ツバメは春に日本に飛来し、秋には越冬のため南方(台湾・フィリピン・ボルネオ・ジャワなど)へ帰って行きます。ごく一部は日本で越冬し「越冬ツバメ」と呼ばれます。
ところで、ツバメの帰巣本能はどの程度あるのかと調べてみると、帰還率は雄が47%、雌が33%だそうです。意外と低いですね。
帰巣本能の仕組みは、「体内時計」と「太陽コンパス」「磁気コンパス」のようなものを使って自分の位置を正確に知り、巣の方向を認識しているようです。
ツバメは、穀物を食べずに害虫を食べる益鳥として親しまれて来ました。私は、ドバトやカラスはあまり好きではありませんが、ツバメは昔から愛着があります。
2.イヌの帰巣本能
私が子供の頃、近所の老人から聞いた次のような話があります。
その老人が雑種の中型犬を飼っていて、家の土間に放し飼いにしていました。ところが、見知らぬ人が家の前を通りかかると、飛び出して行って、噛みつくことがあったそうです。
「自分の主人を外敵から守ろう」という主人思いの気持ちがあったのか、それとも単に「見知らぬ人間が自分に危害を加えるのではないかと考え、威嚇しただけ」なのかわかりません。
狂犬病の予防注射はしていましたが、通行人にケガをさせては大変と思い、電車で1時間以上離れた知り合いの家に引き取ってもらうことにしたそうです。
しかし、1カ月ほど経ったころの明け方に、門口でイヌが吠えるので出てみると、その老人が家で飼っていたイヌが戻って来たのでした。
私が2018年6月18日に大阪北部地震で体験した「帰宅困難」→「徒歩帰宅」以上の困難が伴ったのではないかと思います。
綱を噛み切って、迷いながら戻って来たのでしょう。

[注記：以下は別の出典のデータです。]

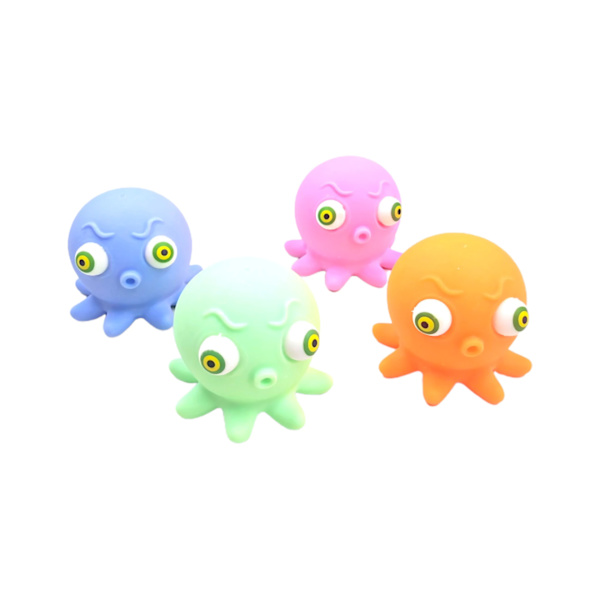 Octopus Doll Dekompressionsleksak Barnleksak Gåva-slumpmässig färg - slumpmässig färg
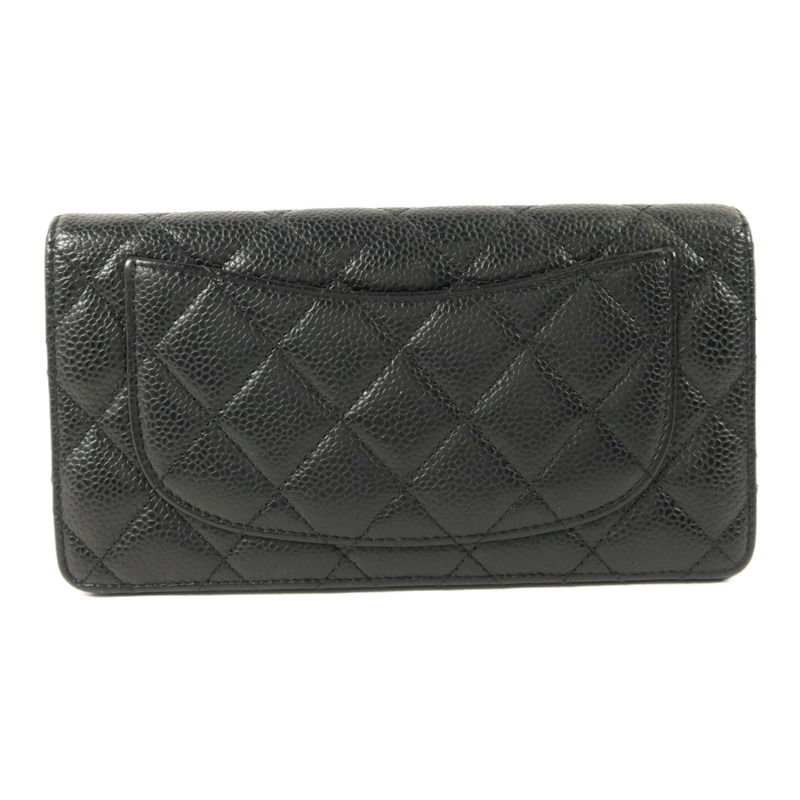 CHANEL 牛皮皮革Long Wallet長錢包-1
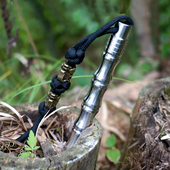 不锈钢竹节酷棍实心断竹防身短棍自卫防身用品袖 珍棍战术笔破窗器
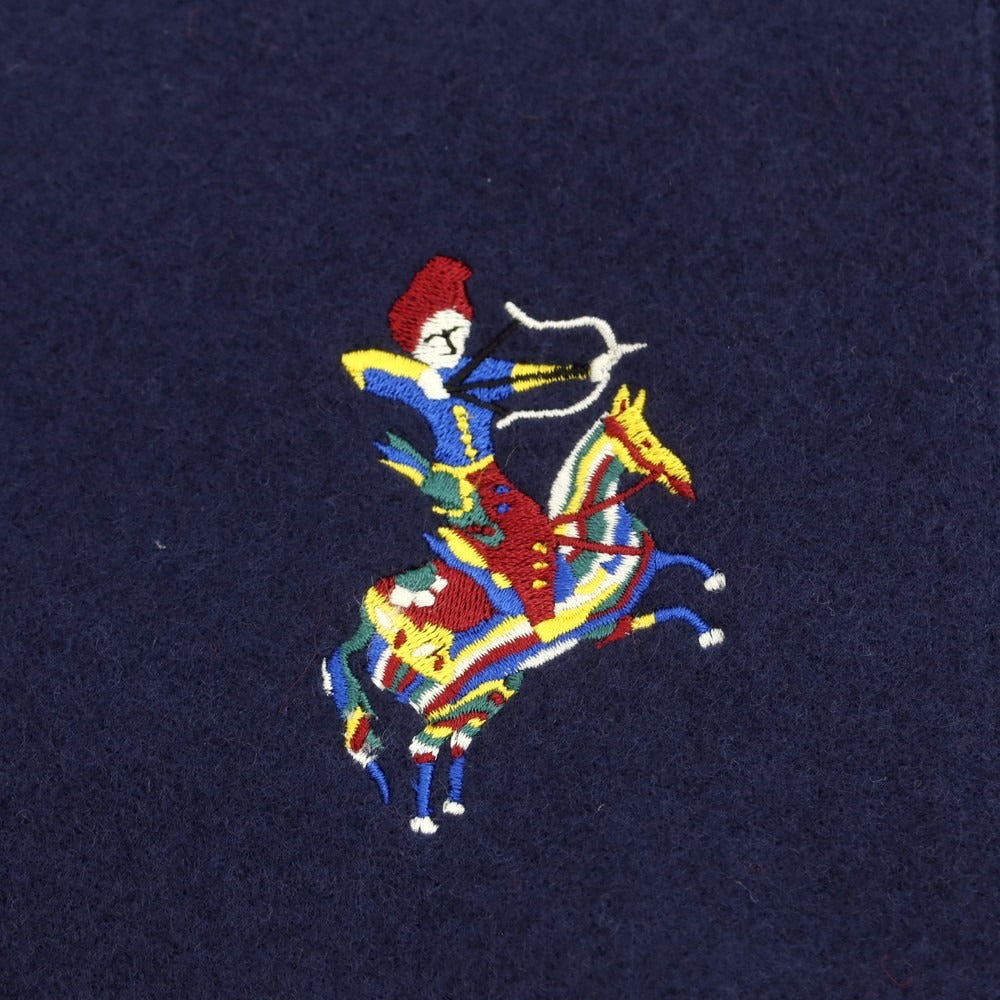 【新品】ドレイクス DRAKES ウールカシミヤ マフラー ネイビー【 状態ランクN 】【 メンズ 】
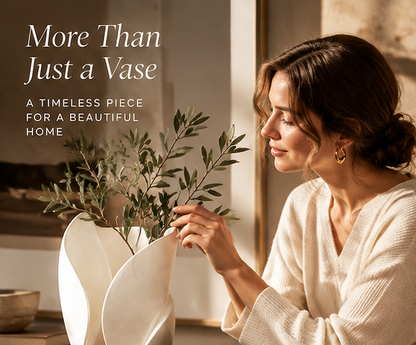 Twisted Petal Ceramic Vase | SIVAWNELL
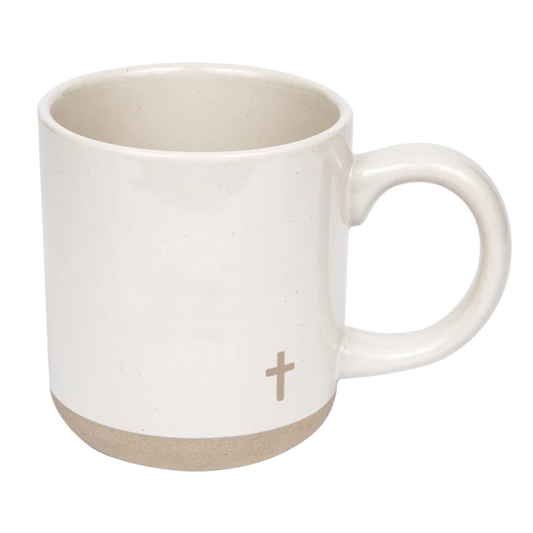CROSS STONEWARE COFFEE MUG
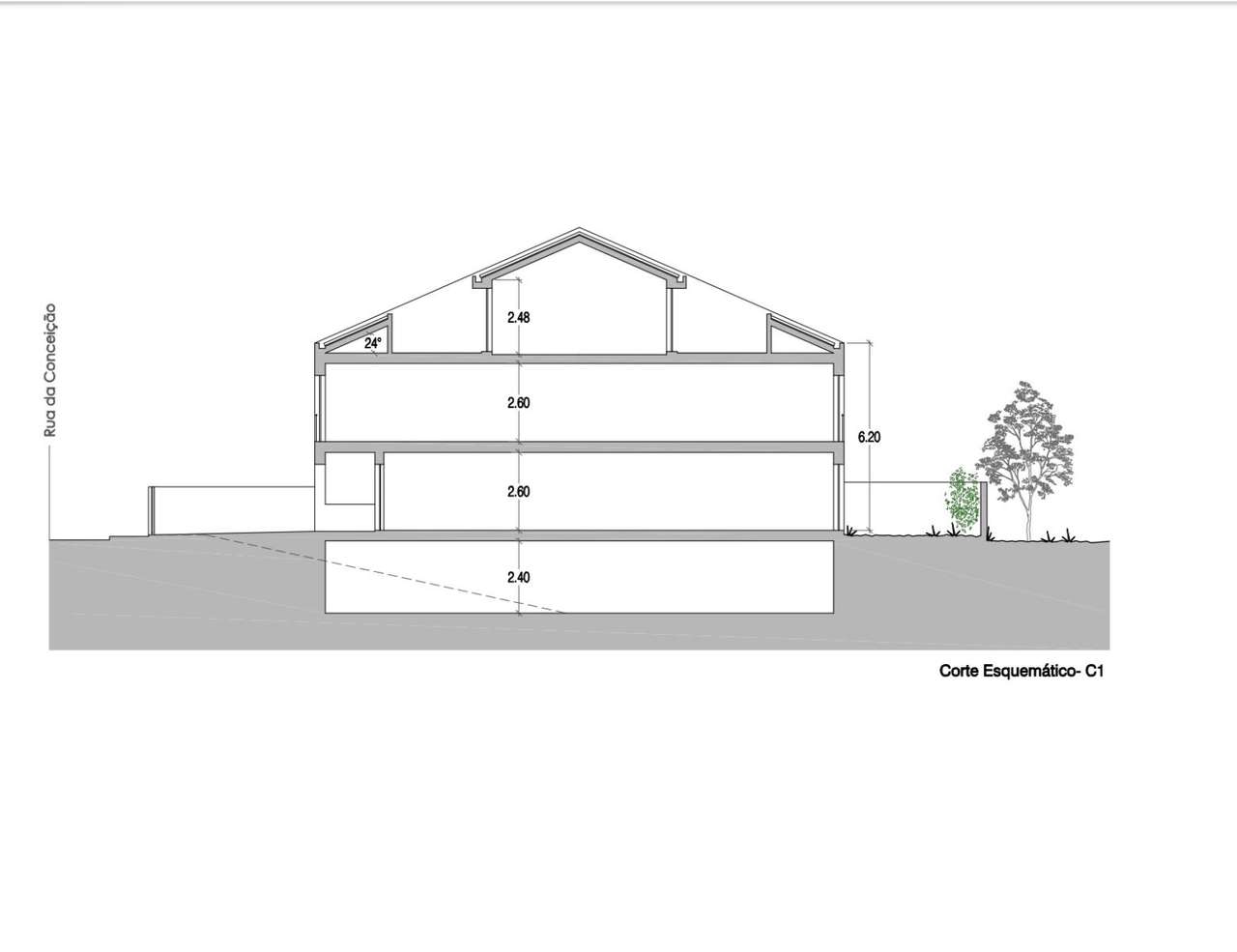Lote para construção com PIP Aprovado São Mamede Infesta - Grande imagem: 5/9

それで愛おしくなって、以後は放し飼いにせず、犬小屋に入れ鎖を付けて家で再び飼うことにしたそうです。
ツバメほどの遠距離ではありませんが、イヌも嗅覚が発達しているので、匂いを頼りに戻って来たのではないかと思います。あるいは、匂い以外にも、ツバメのように「太陽コンパス」や「磁気コンパス」のような機能も持っているのかもしれません。